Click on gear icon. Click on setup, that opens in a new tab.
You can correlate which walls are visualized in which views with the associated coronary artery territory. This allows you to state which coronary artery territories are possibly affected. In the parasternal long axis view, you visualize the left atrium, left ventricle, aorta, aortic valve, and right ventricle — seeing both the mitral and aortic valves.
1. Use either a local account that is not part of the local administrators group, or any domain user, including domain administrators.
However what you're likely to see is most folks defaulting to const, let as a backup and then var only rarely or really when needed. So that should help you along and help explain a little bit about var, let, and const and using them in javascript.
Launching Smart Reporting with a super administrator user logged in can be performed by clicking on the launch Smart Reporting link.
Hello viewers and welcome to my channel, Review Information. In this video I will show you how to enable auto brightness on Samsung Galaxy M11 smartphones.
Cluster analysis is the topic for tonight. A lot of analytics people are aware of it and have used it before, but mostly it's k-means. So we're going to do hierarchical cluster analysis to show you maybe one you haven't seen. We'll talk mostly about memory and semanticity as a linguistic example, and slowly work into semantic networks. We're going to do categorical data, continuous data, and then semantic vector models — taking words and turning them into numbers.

........

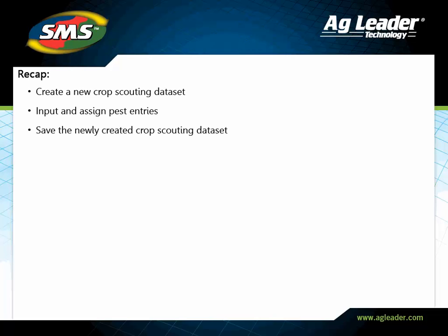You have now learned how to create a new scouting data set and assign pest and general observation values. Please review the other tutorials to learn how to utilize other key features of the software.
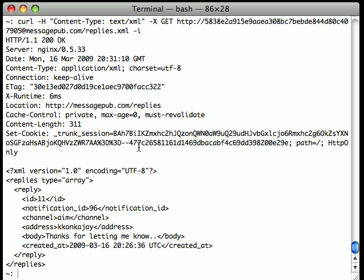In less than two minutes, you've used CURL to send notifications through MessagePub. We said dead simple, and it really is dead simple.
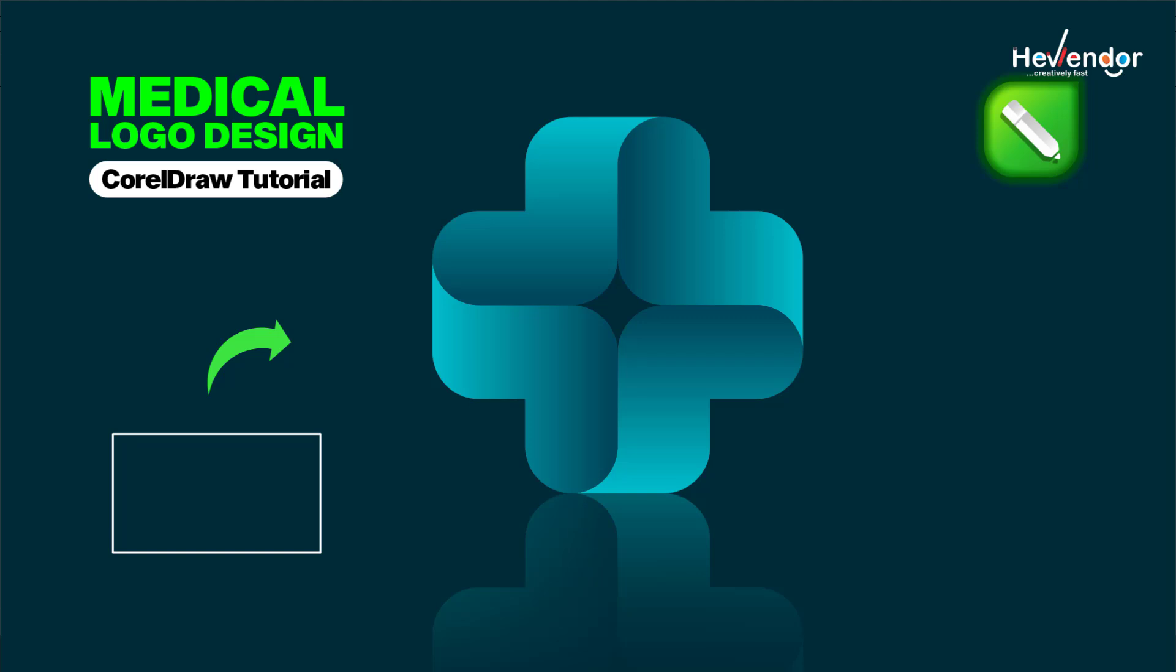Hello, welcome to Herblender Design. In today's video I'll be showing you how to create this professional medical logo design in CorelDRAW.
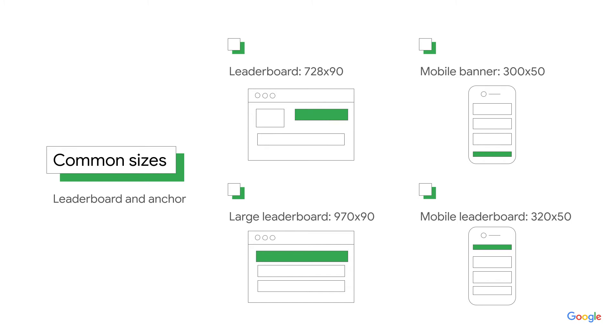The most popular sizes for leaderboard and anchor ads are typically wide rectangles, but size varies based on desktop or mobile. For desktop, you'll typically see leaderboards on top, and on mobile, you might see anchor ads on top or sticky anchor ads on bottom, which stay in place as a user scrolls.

........

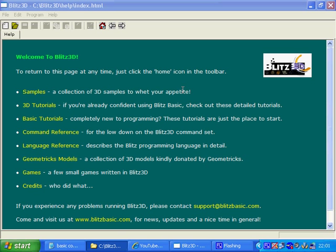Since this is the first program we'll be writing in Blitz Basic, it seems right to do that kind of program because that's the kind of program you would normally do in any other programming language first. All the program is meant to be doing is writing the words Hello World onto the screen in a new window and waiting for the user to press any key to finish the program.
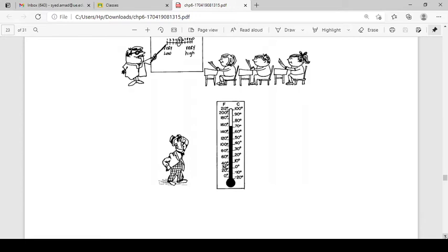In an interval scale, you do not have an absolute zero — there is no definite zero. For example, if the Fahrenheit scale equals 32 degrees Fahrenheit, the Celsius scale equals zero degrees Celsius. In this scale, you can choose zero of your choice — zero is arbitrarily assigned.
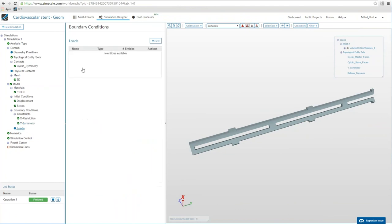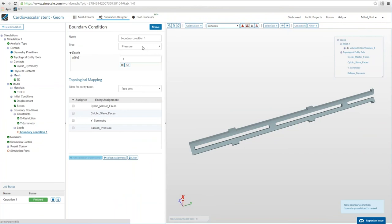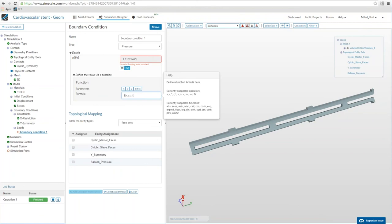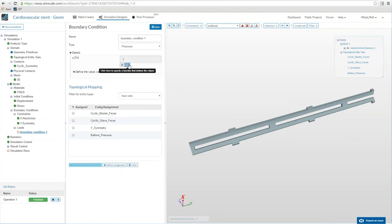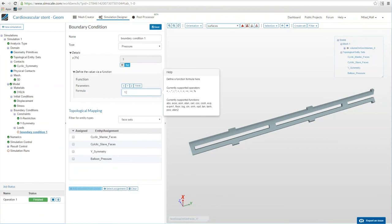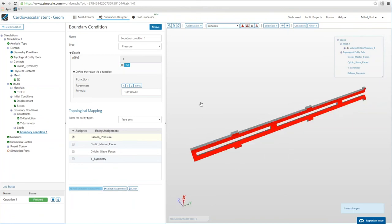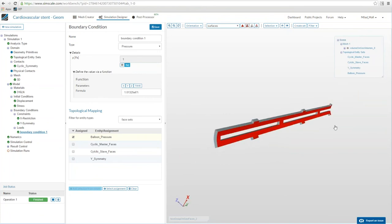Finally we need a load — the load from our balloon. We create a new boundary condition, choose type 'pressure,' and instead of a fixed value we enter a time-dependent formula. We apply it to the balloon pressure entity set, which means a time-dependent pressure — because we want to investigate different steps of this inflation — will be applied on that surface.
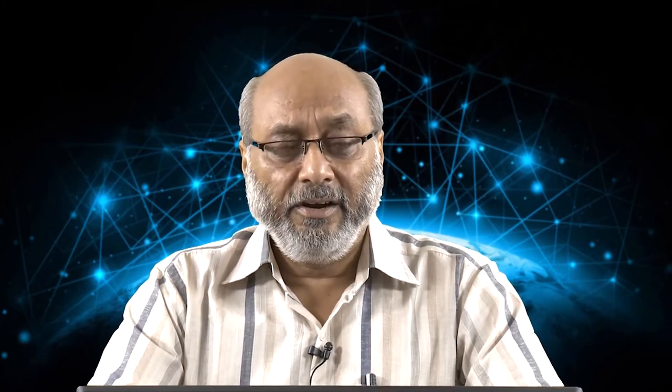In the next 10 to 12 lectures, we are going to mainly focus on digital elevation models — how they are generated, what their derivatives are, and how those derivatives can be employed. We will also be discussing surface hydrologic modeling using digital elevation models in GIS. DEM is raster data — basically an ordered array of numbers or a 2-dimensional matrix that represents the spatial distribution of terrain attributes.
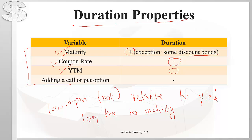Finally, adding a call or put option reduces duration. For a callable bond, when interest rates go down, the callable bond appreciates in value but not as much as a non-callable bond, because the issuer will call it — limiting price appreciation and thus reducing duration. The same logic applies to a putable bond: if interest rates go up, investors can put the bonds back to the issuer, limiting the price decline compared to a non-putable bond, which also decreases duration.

........

| Work required |
Could you write out, exactly as they stand, only the lines above that begin at the line with "Click on gear" and stop after the line with "Hello viewers and"?

| Task answer |
Click on gear icon. Click on setup, that opens in a new tab.
You can correlate which walls are visualized in which views with the associated coronary artery territory. This allows you to state which coronary artery territories are possibly affected. In the parasternal long axis view, you visualize the left atrium, left ventricle, aorta, aortic valve, and right ventricle — seeing both the mitral and aortic valves.
1. Use either a local account that is not part of the local administrators group, or any domain user, including domain administrators.
However what you're likely to see is most folks defaulting to const, let as a backup and then var only rarely or really when needed. So that should help you along and help explain a little bit about var, let, and const and using them in javascript.
Launching Smart Reporting with a super administrator user logged in can be performed by clicking on the launch Smart Reporting link.
Hello viewers and welcome to my channel, Review Information. In this video I will show you how to enable auto brightness on Samsung Galaxy M11 smartphones.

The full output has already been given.